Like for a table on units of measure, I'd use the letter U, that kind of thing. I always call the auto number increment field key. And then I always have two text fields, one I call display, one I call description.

★ ★ ★

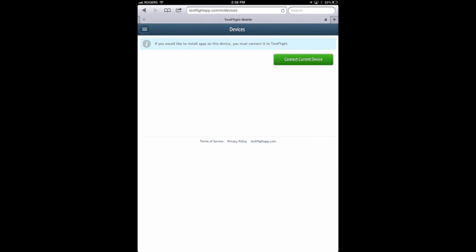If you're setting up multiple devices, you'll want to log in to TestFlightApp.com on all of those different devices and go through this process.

★ ★ ★

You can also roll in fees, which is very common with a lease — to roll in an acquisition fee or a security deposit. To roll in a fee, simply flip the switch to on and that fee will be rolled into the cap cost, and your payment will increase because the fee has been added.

★ ★ ★

Exercise description: Within the listing, how many lines hold the word "that"? Answer with the number by itself.

Answer below: 2